Book review: Joey Comeau, Malagash | Arts & Culture | Halifax, Nova Scotia | THE COAST

Book review: Joey Comeau, Malagash

Lyrical prose packed with truths.


Sunday's father is dying of cancer and he wants to go back to his hometown of Malagash to die. The kids, Sunday and her little brother Simon, are school-aged, and so the whole family packs up for the north shore of Nova Scotia. It's like summer vacation with the wonder of bucolic nature, except it's mostly just waiting around for death to make its appearance.

Sunday, being a tech-savvy youth who seemingly believes in the sort of soul of an online, virtual life, concocts a plan to keep her father alive—so to speak—forever. She meticulously records his voice while he is in the hospital, catalogues it with the precision of an archivist and generates a benign virus that will gently infect computers, simply for the purpose of propagating.
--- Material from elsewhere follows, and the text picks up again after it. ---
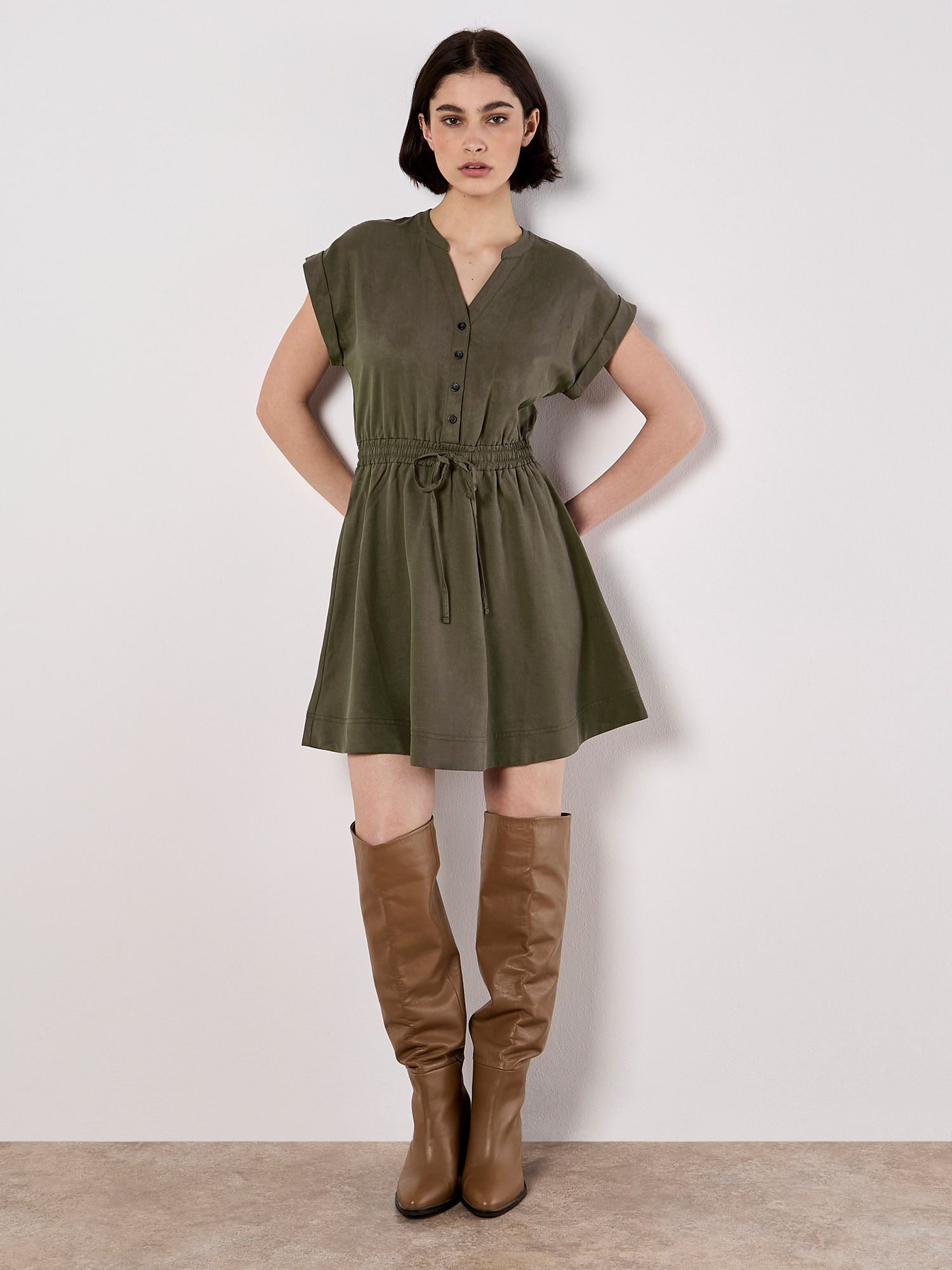 Apricot Button-Down Skater Mini Dress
For Sunday, and eventually for her little brother, the idea of their father travelling on, by planting little files of his recorded voice in unsuspecting computers, is something to hold onto. It's an escape for these characters that is explored to touching effect by Comeau's tranquil, lyrical prose.

The novel unfolds in the way that one remembers times of mourning: In hazy snapshots of the inevitable moments that loom over the occasion. The last joke exchanged, the last touch, the last word. A weight will lift is the mantra repeated throughout the book. Malagash is about the small moments when humans are faced with huge truths, and there is a weight in that. Comeau's novel lingers with its small pithy truths, its big pithy truths and all the stuff in between.